Gigabyte GTX 1080 Ti Aorus Extreme Review

Gigabyte GTX 1080 Ti Aorus Extreme Review

Conclusion

The Aorus Extreme would, from the name at least, suggest a big old factory overclock on the GPU. One of those cards that you can ignore if you want to manually overclock. However, that actually isn’t the case.

Firstly, yes there is a little bit of tweaking of the Pascal GPU to gain an extra 38 MHz over the regular Gigabyte GTX 1080 Ti Aorus, and over 150 MHz higher than a stock GTX 1080 Ti. Now any additional performance is lovely to have but we don’t think that the GPU clock speeds are when the Aorus Extreme earns its stripes. The real big increase comes from the speed of the GDDR5X, and at the resolutions we’re testing at it is almost more important to have fast memory than it is to have a fast GPU. The results we saw throughout our benchmarks indicated how beneficial this is, with the Aorus Extreme regularly ahead of its standard counterpart.

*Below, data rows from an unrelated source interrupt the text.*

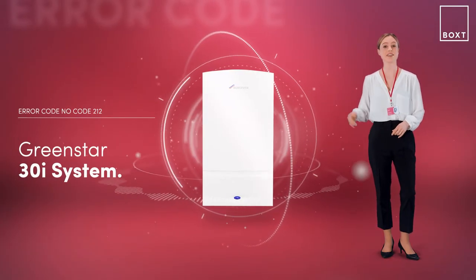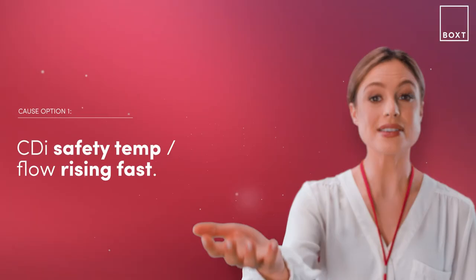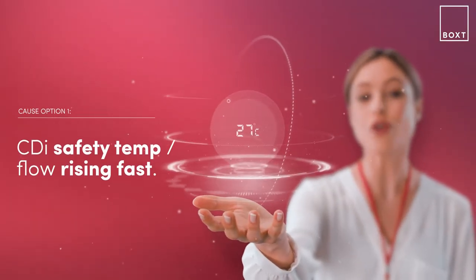With the GreenStar 30i system boiler, this problem is likely caused because the flow temperature is rising too fast.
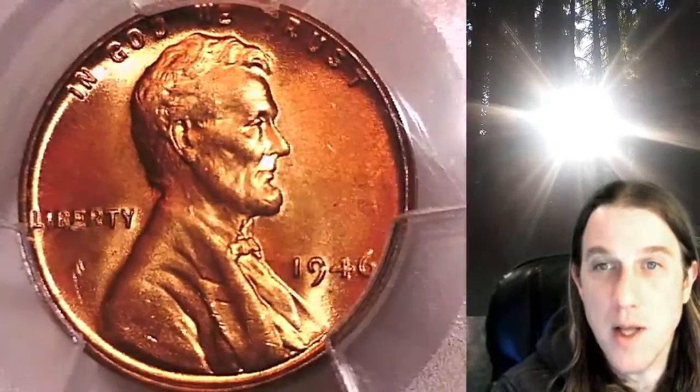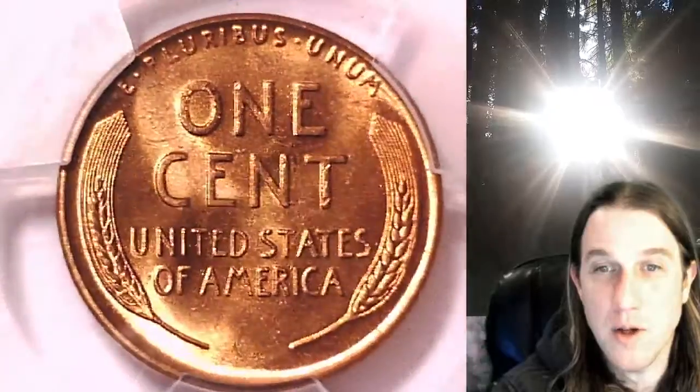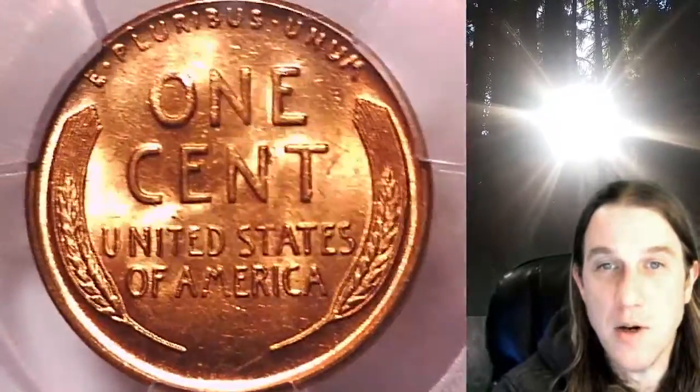This coin is going to go up for sale on my eBay store. You can find it by following the link I put in the description below the video — it'll take you to this exact coin on eBay. Once there, you can also find over 4,000 PCGS graded coins for sale.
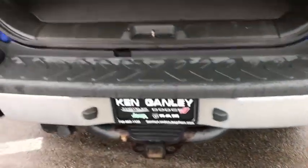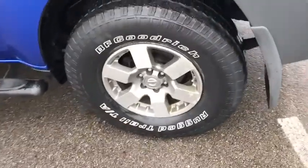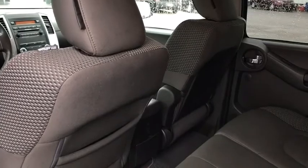Security system, CD player, tachometer, overhead console, panic alarm, remote keyless entry, rear window wiper, driver vanity mirror, front reading lamps, tilt steering wheel. Wouldn't you look great in this vehicle? Stop in today and see for yourself.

It isn’t only in the cold hard clock speeds that the Extreme benefits though. The increased size of the copper portion of the backplate means a much more efficient cooling solution than the regular Aorus, which was already a fair way ahead of its air-cooled competition. Despite these faster clocks the Extreme was a degree cooler, and that extra thermal headroom allowed the nVidia GPU Boost 3.0 technology to maintain a higher average frame rate too, which in turn gives better performance. Higher frame rates at lower temperatures is pretty much the holy grail for a graphics card, particularly when we’re used to the heavily overclocked versions of cards sacrificing everything on the altar of performance and attention grabbing numbers. Instead, Gigabyte have just made minor improvements to every element of an already excellent card.

So it is cooler than the normal GTX 1080 Ti Aorus, and it is faster too. That covers whether you should get a standard Aorus or the Extreme model we’re reviewing today. For those of you who haven’t read our review of the original Aorus there are a lot of ways in which the Gigabyte raises itself above the multitude of GTX 1080 Ti’s too.

The cooler works well, obviously, but it is also pretty quiet considering how much air it can shift. For those of you with VR headsets the extra HDMI ports – one on the rear of the Aorus and one at the front-of-the-case side – will be a boon. We all love having options and the Gigabyte GTX 1080 Ti Aorus Extreme presents us with many. The RGB lighting is another highlight being able to produce all the colours you’re likely to desire in rich hues or subtle ones, without it ever clashing with the very subtle orange highlights on the shroud.

About the only teensy negative we can find is that the Gigabyte GTX 1080 Ti Aorus Extreme doesn’t quite hit the insane heights we’ve seen from the very best Pascal cards, but we’re talking tenths of a frame per second and nothing you’re likely to notice in actual use. Otherwise it has enough extra VR headers, bags of performance at very cool temperatures, and a very attractive design, making it a worthy winner of our OC3D Performance Award.